Minimal cover problems and the live Phish repertoire
A couple years back someone posted a question on reddit, paraphrased here:
Given the setlists for all shows performed by Phish, what is the minimum number of shows you need to listen to in order to cover all of their songs?
Setting aside that you probably want to listen to far more shows than this to hear the variety of performances of many songs, it is an interesting algorithms problem. Fortunately, the person who originally posted that question also conveniently posted a couple CSV files on GitHub that contain a snapshot of the shows up to that point in time (late January 2017) - so we have data to play with!
TL;DR
For the impatient who just want the answer, working with the static data I found on github which spans October 23, 1984 to January 15, 2017, we can generate two answers. The minimum number of shows to see all Phish original songs over that period is 70 shows. The minimum number of shows to see all Phish originals plus covers over that same time period is 246 shows. If one had the full data set up to the current date, it would be easy to re-run the analysis and determine a minimal cover.

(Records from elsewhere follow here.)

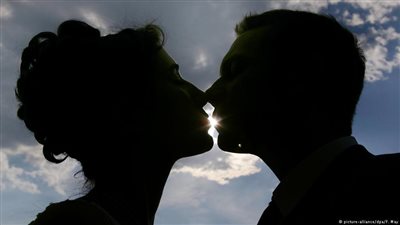 كم ثمن تذكرة دخول القصر؟ «قبلة» من فضلك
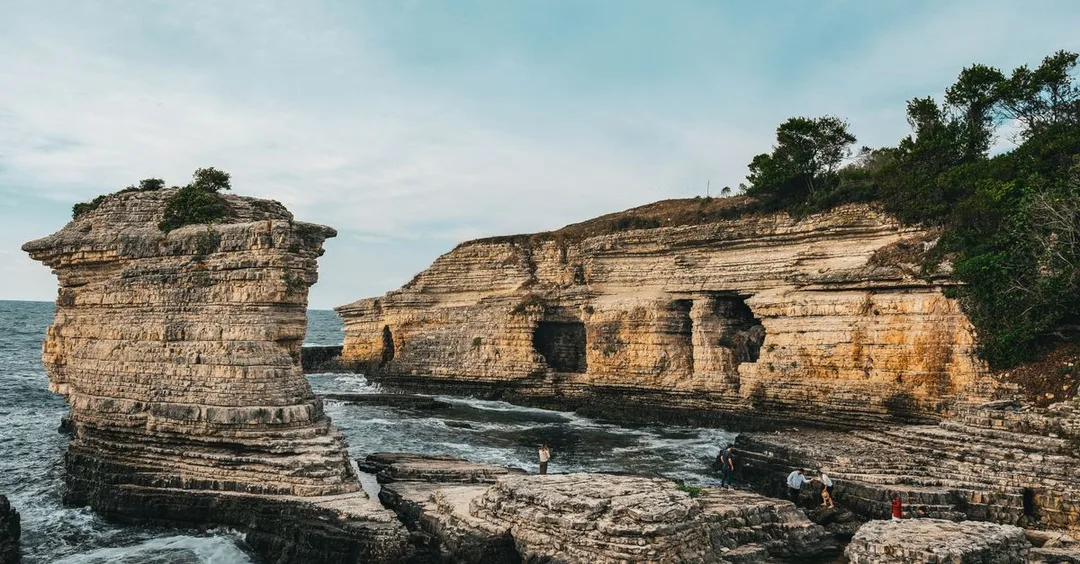 Andaman for Solo Travellers: Safety, Budget and Itinerary Tips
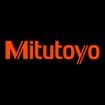 Logo Mitutoyo Italiana Srl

Now – how did I calculate that? Read on.
A challenging algorithmic problem
A naïve approach to solving the problem rapidly shows that it’s not a trivial problem. In fact, it turns out to be an instance of the minimum set cover problem, one of the canonical examples of an NP-complete problem. For those unfamiliar with algorithm analysis and theoretical computer science, in very hand-wavy terms NP-complete problems are very hard problems to solve since “efficient” algorithms are unknown for them. As you increase the amount of data to consider, an algorithm to solve the problem takes significantly longer as the data set grows. This becomes apparent if you try a greedy approach or even a clever heuristic: while you may be able to find a cover for all of the songs, finding one that is minimal turns out to be quite time consuming. So much so that you’ll likely run out of patience during the search process and start googling for a better solution.
The set cover problem
Stepping back to look at the problem I mentioned above, we should look at what a set cover is and what it means for one to be minimal. The set cover problem can be summarized as follows. Say we have a set, S, of items - in this case, songs.
S = {A,B,C,D,E}
Here we have five songs (A,B,C,D,E). We also have another set, H, of shows where each member of H is a subset of the big set of songs: here, each subset corresponds to a show containing a handful of songs.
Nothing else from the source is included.